China’s economy seemed to perk up a bit in September. The country’s manufacturing index inched above 50, the dividing line between expansion and contraction. And that made the disappointing October numbers a surprise to many economists.
An official gauge of China’s manufacturing activity unexpectedly fell into contraction after rising to expansion territory for one month in September, signaling renewed weakness in the sector.
China’s official manufacturing purchasing managers index fell to 49.5 in October from 50.2 in September, the National Bureau of Statistics said Tuesday.
This was seen as a sign that the recovery may take a while.
“The unexpected decline of the manufacturing PMI shows the recovery in China is a bumpy road as domestic demand is still quite weak,” said Zhang Zhiwei, president and chief economist at Pinpoint Asset Management.
“I think the government is likely to raise the fiscal deficit next year and aim for a sustained economic recovery.
Bloomberg notes that there are no favorability polls in China because no one has a say anyway so why would it matter. Still, Xi can’t be terribly popular right now.
…it will be years before high-end manufacturing can replace property investments as the new growth engine. For instance, while Huawei Technologies Co.’s new smartphone Mate 60 Pro was a major breakthrough despite US sanctions and export controls, its Kirin chip is still not as advanced as the ones that power Apple Inc.’s most advanced new iPhones. Mass production also remains a question mark.

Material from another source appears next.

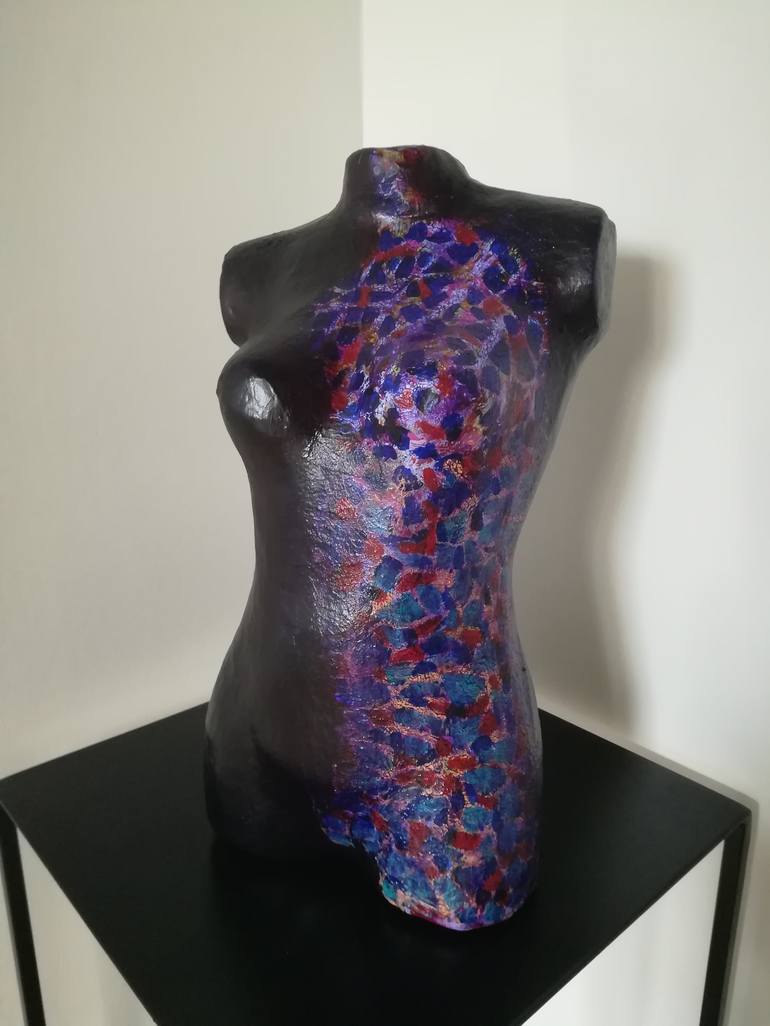 Original Body Sculpture by Carole Carpier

China has no approval ratings polls and social media is heavily censored, so we don’t have an accurate measure of Xi’s popularity. But we have a sense. Given the high homeownership and that more than one in five young people are jobless, many can’t be too happy right now.
If young people can’t find work in China, they’ll do what so much of the rest of the world is doing these days: Head for the US border.
The young Chinese man looked lost and exhausted when Border Patrol agents left him at a transit station. Deng Guangsen, 28, had spent the last two months traveling to San Diego from the southern Chinese province of Guangdong, through seven countries on plane, bus and foot, including traversing Panama’s dangerous Darién Gap jungle.
“I feel nothing,” Deng said in the San Diego parking lot, insisting on using the broken English he learned from “Harry Potter” movies. “I have no brother, no sister. I have nobody.”
Deng is part of a major influx of Chinese migration to the United States on a relatively new and perilous route that has become increasingly popular with the help of social media. Chinese people were the fourth-highest nationality, after Venezuelans, Ecuadorians and Haitians, crossing the Darién Gap during the first nine months of this year, according to Panamanian immigration authorities…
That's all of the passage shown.